10 Minute Beginner’s Guide to Snowflake Cloud Data Warehouse

Randy Pitcher II
Hashmap, an NTT DATA Company
6 min readJun 27, 2019

Hashmap kicked off the OKC Snowflake User Group Meetup a couple of months ago in order to assist a rapidly growing group of OKC Snowflake users in coming up to speed quicker on Snowflake while accelerating an ability to deliver meaningful business outcomes.

One of the questions that we get asked a lot is:

How will my SQL knowledge and skills transition into our new Snowflake world and user experience?

Great question — here is the simple answer…

The Snowflake Cloud Data Warehouse is the best way to convert your SQL skills into cloud-native data solutions.

This guide will explain everything you need to know to get data into Snowflake and start running queries.

From this point on, we’ll assume you know what Snowflake is and are ready to dive right in. You should have access to a Snowflake instance and should be able to run queries. If not, you can get a trial account with free credits here.

Getting Started

First, let’s build our basic Snowflake environment.

Start by logging in to the Snowflake Web UI and open a new worksheet.
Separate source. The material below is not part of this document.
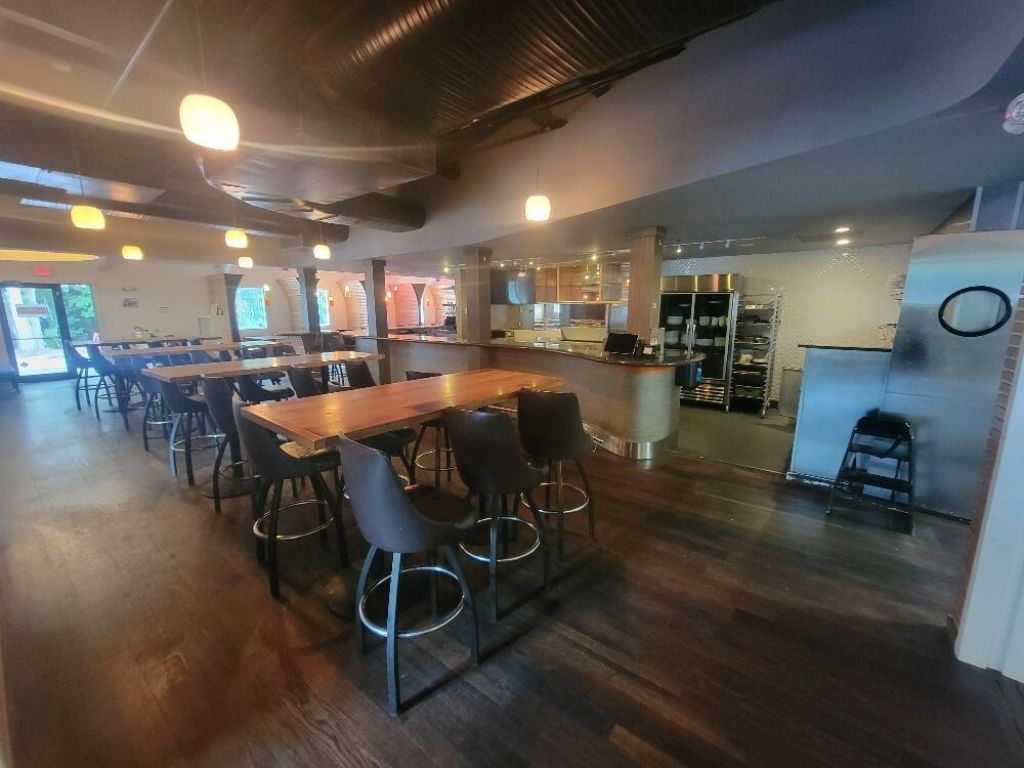 1090 Sam Rittenberg Boulevard  Photo 11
Run the following SQL to build your first workspace:

//============================
// setup security objects
//============================
USE ROLE SECURITYADMIN;

CREATE ROLE BEGINNER_ROLE;

GRANT ROLE BEGINNER_ROLE TO ROLE SYSADMIN;
//============================


//============================
// setup snowflake objects
//============================
USE ROLE SYSADMIN;

CREATE DATABASE IF NOT EXISTS BEGINNER_DB;

CREATE WAREHOUSE IF NOT EXISTS
BEGINNER_WH
COMMENT='Warehouse for beginner activities'
WAREHOUSE_SIZE=XSMALL
AUTO_SUSPEND=60
INITIALLY_SUSPENDED=TRUE;

// grant ownership to our beginner role
GRANT OWNERSHIP ON DATABASE BEGINNER_DB TO ROLE BEGINNER_ROLE;
GRANT OWNERSHIP ON WAREHOUSE BEGINNER_WH TO ROLE BEGINNER_ROLE;
//============================


//============================
// create beginner resources
//============================
USE ROLE BEGINNER_ROLE;
USE WAREHOUSE BEGINNER_WH;

// build a home for our raw data
CREATE SCHEMA IF NOT EXISTS BEGINNER_DB.RAW_DATASETS;

// create a file format definition for loading raw data later
CREATE FILE FORMAT
BEGINNER_DB.RAW_DATASETS.CSV_WITH_HEADER_AND_TEXT_FIELDS
SKIP_HEADER = 1
FIELD_OPTIONALLY_ENCLOSED_BY = '\042';
//============================

Loading Data Into Snowflake

Start by downloading this CSV file. This file is a Kaggle dataset that categorizes episodes of The Joy of Painting with Bob Ross.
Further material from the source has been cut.